Estas sao minhas regras no ip firewall mangle:

0 ;;; PROXY FULL
chain=output protocol=tcp src-port=3128 content=X-Cache: HIT
action=mark-connection new-connection-mark=squid-hit passthrough=yes

1 chain=output connection-mark=squid-hit action=mark-packet
new-packet-mark=squid-HIT passthrough=yes

2 chain=output connection-mark=squid-hit action=return

3 ;;; P2P
chain=prerouting p2p=all-p2p action=mark-connection
new-connection-mark=p2p_conn passthrough=yes

4 chain=prerouting connection-mark=p2p_conn action=mark-packet
new-packet-mark=p2p passthrough=yes

5 ;;; WINBOX FULL
chain=output protocol=tcp src-port=8291 action=mark-connection
new-connection-mark=WINBOX_FULL passthrough=yes

6 chain=output connection-mark=WINBOX_FULL action=mark-packet
new-packet-mark=WINBOX_full passthrough=yes

7 chain=output connection-mark=WINBOX_FULL action=return

Estas sao no Qeues free:

0 name="P2p 200k IN" parent=global-in packet-mark=p2p limit-at=0
queue=default priority=8 max-limit=32000 burst-limit=0 burst-threshold=0
burst-time=0s

1 name="P2p 200k OUT" parent=global-out packet-mark=p2p limit-at=0
queue=default priority=8 max-limit=32000 burst-limit=0 burst-threshold=0
burst-time=0s

2 name="WINBOX IN" parent=global-in packet-mark=WINBOX_full limit-at=0
queue=ethernet-default priority=8 max-limit=0 burst-limit=0
burst-threshold=0 burst-time=0s

3 name="WINBOX OUT" parent=global-out packet-mark=WINBOX_full limit-at=0
queue=ethernet-default priority=8 max-limit=0 burst-limit=0
burst-threshold=0 burst-time=0s

4 name="1 squid" parent=global-out packet-mark=squid-HIT limit-at=0
queue=ethernet-default priority=8 max-limit=0 burst-limit=0
burst-threshold=0 burst-time=0s

Estas sao minhas configurações no Web-Proxy:

enabled: yes
src-address: 0.0.0.0
port: 3128
hostname: "proxy"
transparent-proxy: yes
parent-proxy: 0.0.0.0:0
cache-administrator: "webmaster"
max-object-size: 4096KiB
cache-drive: system
max-cache-size: unlimited
max-ram-cache-size: unlimited
status: running
reserved-for-cache: 56876032KiB
reserved-for-ram-cache: 2048KiB

----------


## dougmoraes

Ola pessoal fera no mikrotik, pessoal gostaria de saber se é possivel utilizar uma flash e um hd juntos no mikrotik, tenho todos meus mikrotiks licenciados com flash de 256Mb a maior tem 512Mb sei que para o proxy nao adianta tamanho tão pequeno, gostaria de saber se é possível fazer que o flash e o hd trabalhem juntos. Grato pela ajuda desde ja.

----------


## xandemartini

> Ola pessoal fera no mikrotik, pessoal gostaria de saber se é possivel utilizar uma flash e um hd juntos no mikrotik, tenho todos meus mikrotiks licenciados com flash de 256Mb a maior tem 512Mb sei que para o proxy nao adianta tamanho tão pequeno, gostaria de saber se é possível fazer que o flash e o hd trabalhem juntos. Grato pela ajuda desde ja.

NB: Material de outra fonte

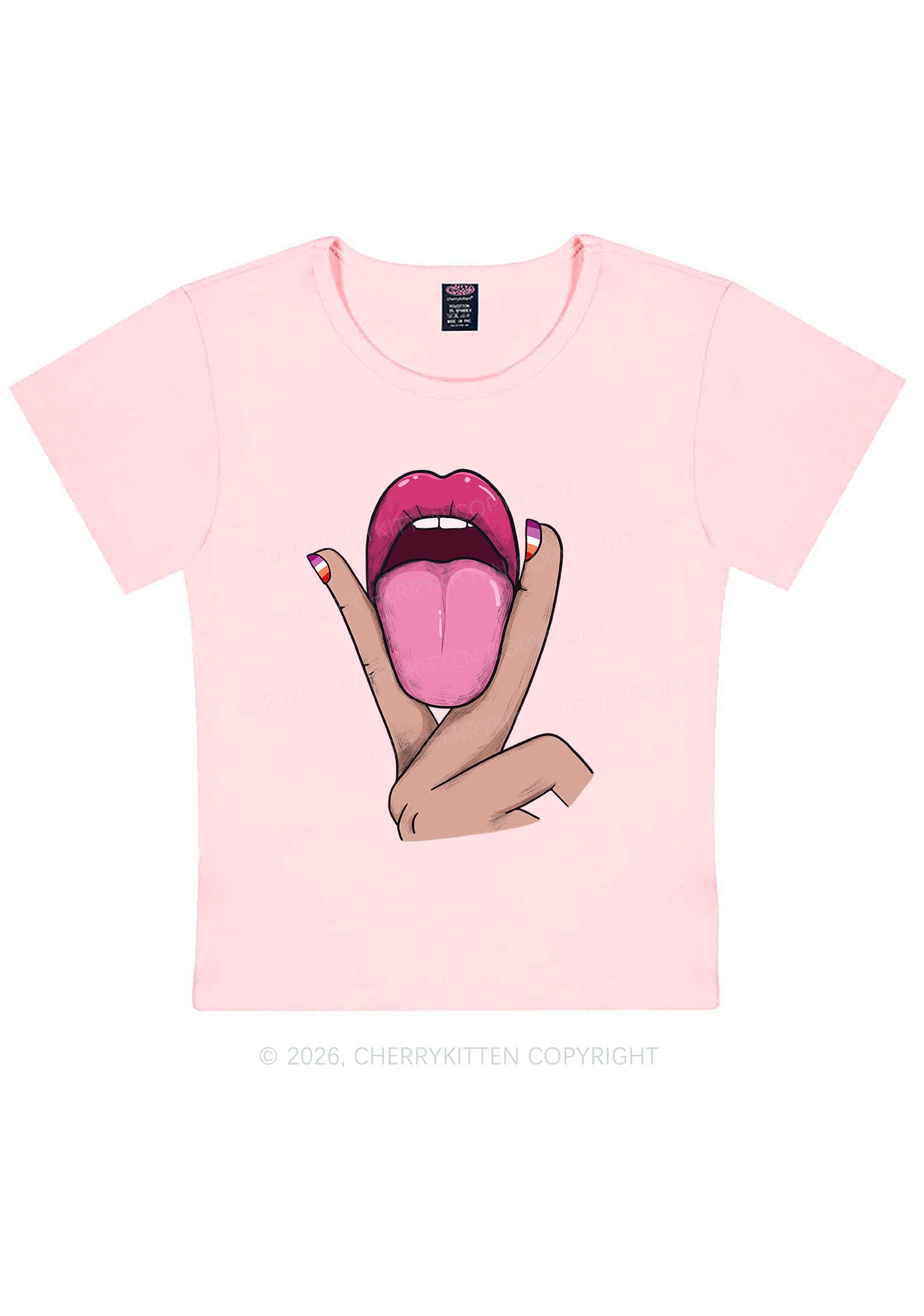 Lesbian Kissing Pride Y2K Baby Tee Cherrykitten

Com certeza dá sim, o sistema fica no flash e vc usa o hd para o proxy!

----------


## vandodesk

olá galera tenho um mikrotik na minha lan house com uma samsung chipset atheros para receber a internet via radio e uma lan para minha rede local ja tenho proxy funcionando no mikrotik não tenho nenhuma regra de controle algum gostaria de saber se posso usar essas regras de cache-full nesse meu mikrotik do msm geito q esta ai ou se tenho q mudar alguma coisa

----------


## Roberto21

> vou procurar a 2.9.27 e testar.. MASSSSSSSSS teve gente que fez e funcionou...


 
Olá Alexandre!!


Acho que esse pessoal que diz que funcionou perfeito no 2.9.27 está enganado, por que a regra funciona sim no 2.9.27, masssssssss, não funciona exatamente como na sua versão, por exemplo: Ao fazer o download do que está no cache você pode liberar tudo na queue tree mas, não adianta, o que adianta é que o cliente fará o download em sua velocidade máxima de download definida na queue simple, mas dar um burst no download como no seu vídeo não vai...pode fazer o teste.


Abração.

----------


## lucianogf

pessoal que não está conseguindo, tenta fazer o seguinte.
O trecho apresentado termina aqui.